W wynikach benchmarku Geekbench pojawiła się tabelka ze specyfikacją dla smartfona Nokia 7 Plus, którego premiera szykuje nam się najwyraźniej w tym roku. Będzie kolejny średniak.
Nokia 7 Plus to oczywiście bezpośredni następca smartfona Nokia 7 - stąd widać pewien postęp, bo siódemka była napędzana Snapdragonem 630. O oczko lepszy Qualcomm Snapdragon 660 oznacza grafikę Adreno 512, modem LTE X12 z pobieraniem danych na poziomie 600 Mb/s, czy obsługę wszystkich interfejsów lokalnych w najwyższych na dziś wersjach nie wspominając dual-SIM. To dobry prognostyk sprzedaży.
Najnowszy smartfon HMD Global będzie działał pod kontrolą Androida Oreo z 4 GB pamięci RAM, ale bardzo możliwe, że podobnie jak poprzednik otrzyma również wersję z 6 GB RAM-u. Uzyskane w benchmarku wyniki plasują go na dziś gdzieś pośrodku technologicznej stawki. Z taką specyfikacją możemy się spodziewać ceny poniżej 2 tysięcy złotych - najistotniejszym pytaniem jest jednak: czy 1700, czy raczej 1900 zł? Jeśli będzie aluminiowa ramka, szkło Gorilla i np. podwójny aparat, to pewnie bliżej tej drugiej wartości.

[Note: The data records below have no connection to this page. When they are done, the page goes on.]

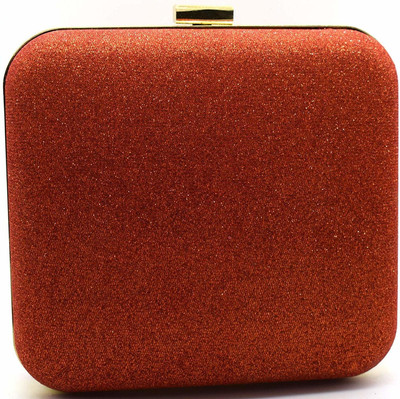 Tooba Handicraft Party Red  Clutch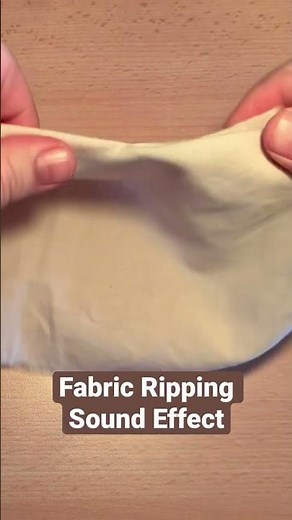 Fabric Ripping Sound Effect Stereo High Quality 96kHz #fabric #soundeffect #ripping #highquality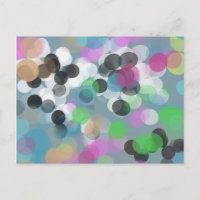 Colorful Confetti Bokeh Dots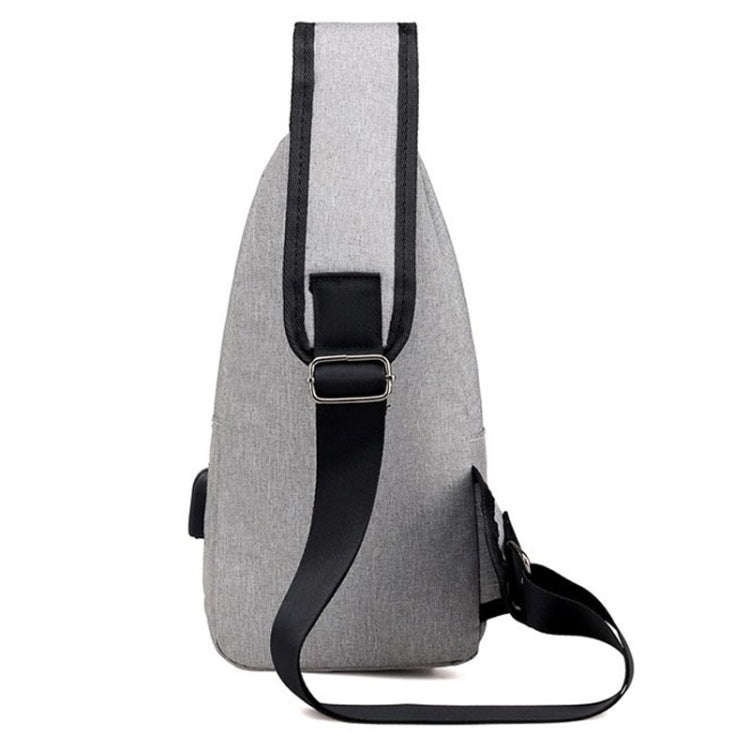 MeiJieLuo Simple Men Chest Bag Sports Youth Shoulder Crossbody Bag(Blue)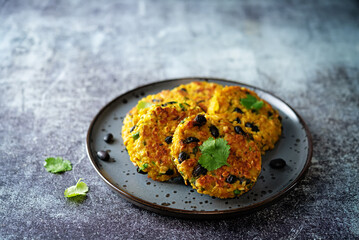 Millet Black Beans Oats Cilantro Burgers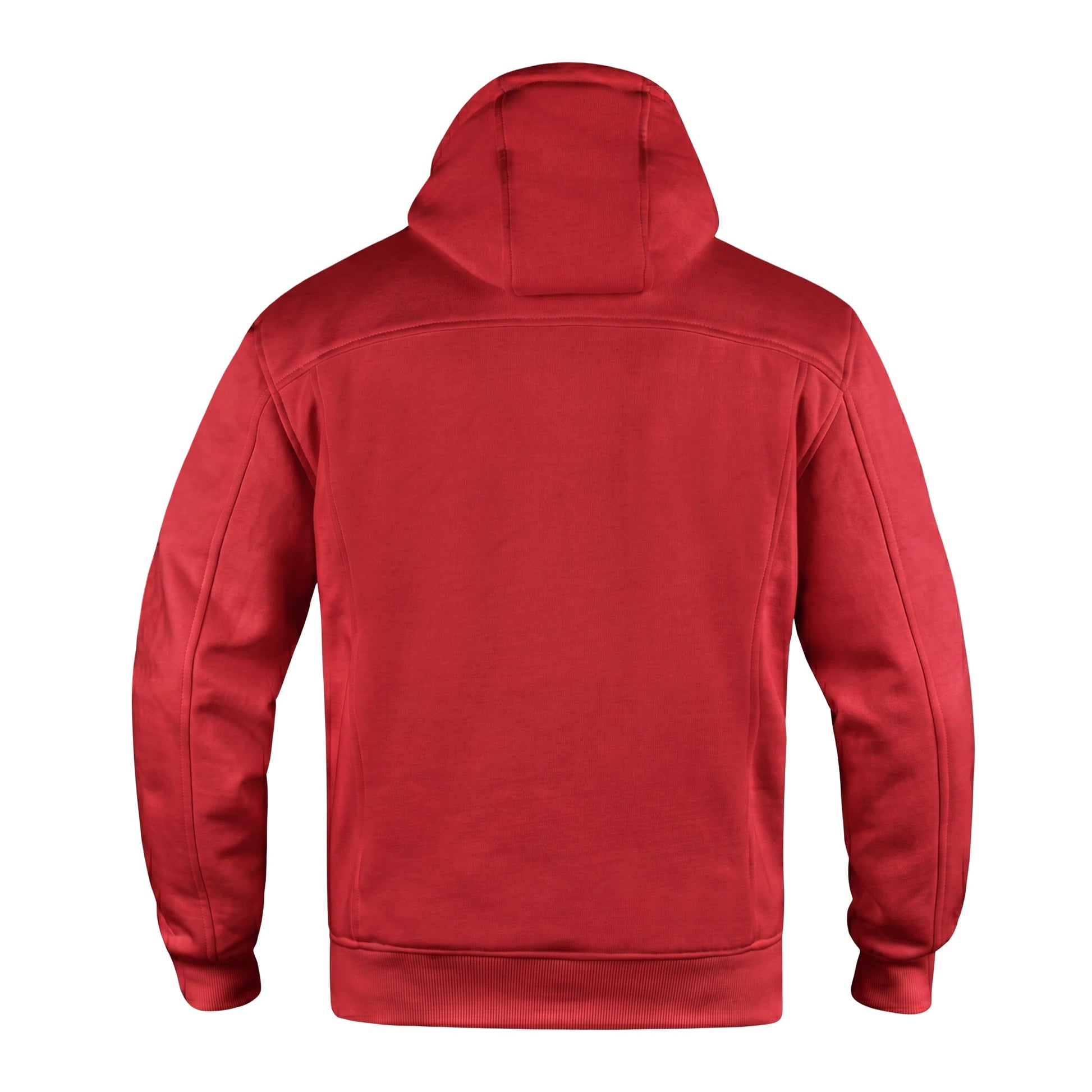 WCL Zippered Armoured Kevlar Lined Motorcycle Riding Hoodie w/t CE Level 1 Armor - White WCL Helmet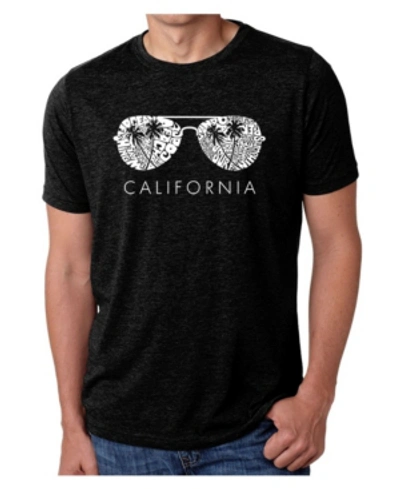 La Pop Art Men's Premium Word Art T-shirt In Black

Jeśli HMD zrezygnuje z podwójnych aparatów pozostając przy swojej sztandarowej atrakcji fotograficznej, czyli "bothie" - jest szansa na nieco niższą cenę wersji z 4 GB pamięci RAM.
fot. Geekbench
Osobnym pytaniem jest to o dostępność modelu Nokia 7 Plus na rynkach europejskich. Nie jest tajemnicą, że HMD Global bardzo mocno skupia się na Chinach, stąd powszechna dostępność tej średniopółkowej nowości wcale nie jest pewnikiem.